Umso erstaunlicher, dass es seit kurzem wieder eine segelnde Fähre zwischen dem europäischen Festland und der britischen Insel gibt. Ein junges motiviertes Team hat es sich zur Mission gemacht, eine nachhaltige Alternative zum großen Fährverkehr zwischen England und Frankreich anzubieten: Mit einem 17-Meter-Katamaran. Das Angebot richtet sich an Menschen, denen es eben nicht darum geht, möglichst schnell ihr Ziel zu erreichen, sondern darum, auf dem Weg etwas zu erleben. Und ganz nebenbei die Umwelt zu schonen.
Eine schöne Idee. Aber erfolgversprechend? Momentan ist nur ein einziges Boot im Einsatz, mit dem gerade einmal zwölf Personen plus Fahrräder transportiert werden können. Das besondere Erlebnis dauert je nach Tide und natürlich Wind etwa vier Stunden. Also mehr als doppelt so lang wie mit der konventionellen Fähre. Als echten Pendelverkehr kann man den Service bei ein paar Angeboten pro Woche (noch) kaum bezeichnen. Ganz zu schweigen von der Verlässlichkeit und Planbarkeit, denn was, wenn kein Wind weht? Auf der Habenseite aber: Keine drängelnden Passagiere, kein dröhnender Motor – nur Wind, Wellen und Zeit. Aber letztere muss man eben auch haben.
Massentauglich ist die Idee sicher nicht. Selbst wenn das Unternehmen seine Flotte ausbauen kann, bleibt es ein Angebot für wenige. Der Port of Dover ist einer der verkehrsreichsten Passagierhäfen der Welt. Rund 32.000 Passagiere pro Tag fahren hier täglich über den Ärmelkanal. Den Eurotunnel – ein Paradebeispiel dafür, wie viel Geld und Aufwand investiert wird, um Reisezeiten zu verkürzen - passieren fast 50.000 Menschen täglich.
Aber bei Konzepten wie der Segelfähre geht es nicht darum, Verkehrsreisen im großen Stil zu revolutionieren. Es geht darum, eine wachsende gesellschaftliche Sehnsucht nach Entschleunigung zu bedienen. Slow Travel ist ein Trend. Vor allem Millennials und die Generation Z suchen nach nachhaltigen Alternativen und legen mehr Wert auf Erlebnis als auf Effizienz. Denn die Schnelligkeit hat ihren Preis: flüchtige Eindrücke, verpasste Details, Erinnerungen, die schnell verblassen – vor allem, wenn man sie durch einen Smartphonefilter betrachtet. Aber das ist ein anderes Thema.

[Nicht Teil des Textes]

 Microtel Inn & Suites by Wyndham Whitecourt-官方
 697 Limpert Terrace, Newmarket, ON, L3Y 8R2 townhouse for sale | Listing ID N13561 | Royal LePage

Die Frage ist: Hat das Segeln als Verkehrsreise eine Chance auf ein Comeback? Die Vorstellung, dass wieder Großsegler auf den Ozeanen kreuzen, um Menschen zu transportieren, klingt utopisch. Aber wer weiß? Vor dem Hintergrund des Klimawandels und wachsender Kraftstoffpreise wird in der Frachtschifffahrt auch wieder auf Windkraft gesetzt. Was den Reiseverkehr angeht, ist eine Ozeanüberquerung unter Segeln für die Allermeisten wahrscheinlich keine Option. Doch für kürzere Strecken kann ich mir gut vorstellen, dass es genügend Menschen gibt, die sich die Zeit nehmen, ihre Reise bewusster zu erleben.
Dem jungen Team der segelnden Fähre auf dem Ärmelkanal würde ich es jedenfalls sehr wünschen. Das, und mehr Wind, als wir ihn im Sommer ein paar hundert Seemeilen weiter südlich hatten. Denn bei Flaute vor Anker liegen wäre bei aller Liebe zur Langsamkeit für eine Fähre dann wohl doch keine Option.